(Instructions for the task):
In the listing that follows, find the line with "Sailing Montauk's Catamaran Mon Tiki by null", then copy exactly from it through the line with "Vivo T3 5G Lord Ram with Bow and arrow", leaving out every picture.

(Information provided):

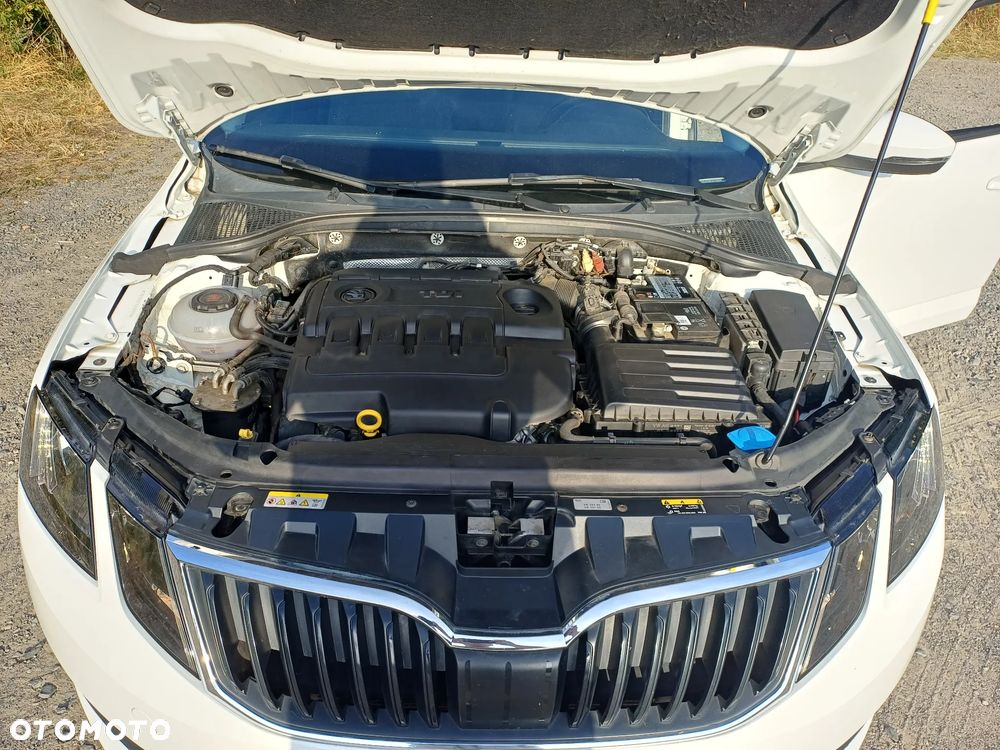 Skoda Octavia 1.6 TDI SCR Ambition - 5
---
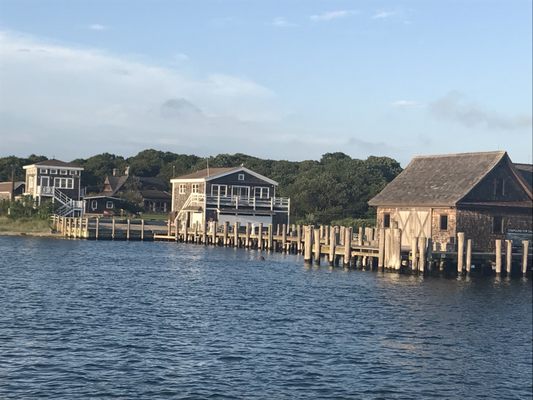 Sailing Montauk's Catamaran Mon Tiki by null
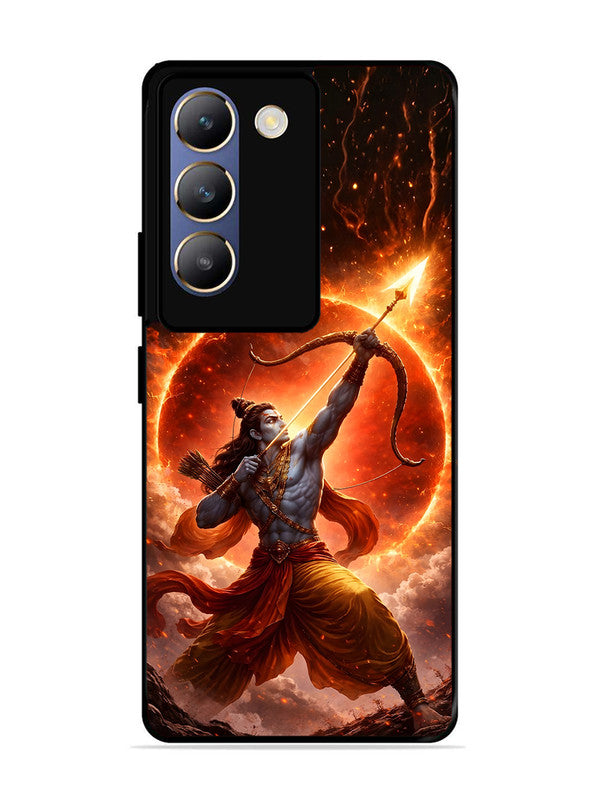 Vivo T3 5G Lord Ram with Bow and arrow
* * *
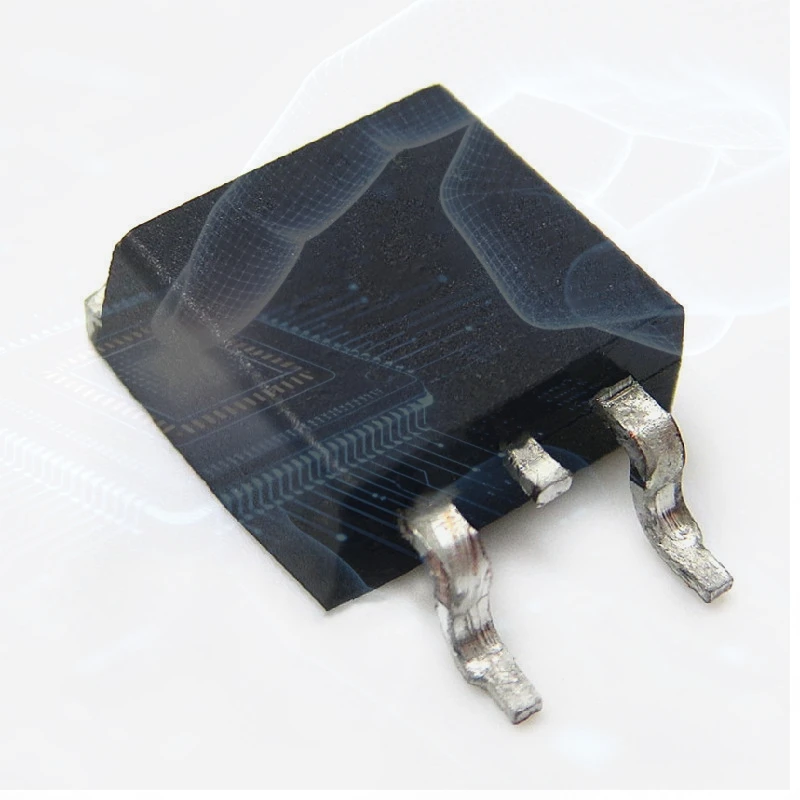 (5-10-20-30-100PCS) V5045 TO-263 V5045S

(Result):
 Sailing Montauk's Catamaran Mon Tiki by null
 Vivo T3 5G Lord Ram with Bow and arrow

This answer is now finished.